Wednesday, 9 February, 2000, 07:24 GMT
Flood disaster hits southern Africa

Road washed away Roads have been flooded in both countries


Heavy rainfall in Southern Africa is causing flooding over large areas of Mozambique and South Africa.

Mozambican government officials say tens of thousands of people have been forced to flee after their homes were destroyed by flooding in and around the capital, Maputo.

In South Africa, at least 26 people have died from the flooding in the north and north-eastern parts of the country.

The military has been called in to airlift foreign tourists cut off by floodwaters in the Kruger National Park, South Africa's biggest game reserve.

Click here for a map of the affected areas

Game rangers say there have been few casualties among the wildlife population, because most of the animals reached high ground in time.

As the floodwaters begin to recede in north and eastern South Africa, people in other areas of the country are bracing themselves for their share of the downpour.

The heaviest rains for 50 years are on their way west and are crossing the border into neighbouring Botswana.
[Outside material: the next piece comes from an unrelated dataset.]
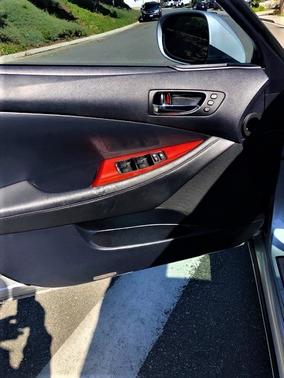 2009 Lexus ES 350 Base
With the lowering of water levels in some places, the damage can now be seen -- destroyed roads, homes and bridges and towns left without clean water supplies after their pumping stations were swept away.

The weather system was caused by low tropical pressure off the coast of Mozambique, which has also suffered extensive damage in some of its southern provinces.

The Mozambican authorities say the torrential rains over the past four days are the worst in four decades.

In Maputo, people living in makeshift homes in the slums around the capital are reported to have suffered the most.

Food shortages

People have been prevented from going to work in Maputo as well as in the neighbouring industrial town of Matola.


Boys in boat Some regions have been left isolated by the floodwaters
Electricity and drinking water supplies have been cut off, and both towns face food shortages.

Further north, hundreds of thousands of people are reported to have been left homeless in Gaza province.

Flooding in Sofala has made Mozambique's main north-south road impassable in several places, cutting transport links between the capital and the second city, Beira.

Helicopter rescue

In South Africa, 15 people were reported to have drowned while trying to cross a swollen river in Northern Province, which together with neighbouring Mpumalanga province saw the worst of the flooding.


Flooded home People in shack settlements suffered the most
Two further deaths were attributed to rain-soaked houses collapsing on top of their occupants.

In a dramatic rescue mission, army helicopters lifted six people to safety after they were stranded on the roofs of their homes near South Africa's border with Mozambique.

Flood waters have made many roads impassable and disrupted electricity and water supplies to large areas of the country.

Water and electricity suppliers were disrupted around Nelspruit, the provincial capital of Mpumalanga.

Although the region normally enjoys its rainy season at this time of year, the storms have been unexpectedly heavy and have caught local people unaware.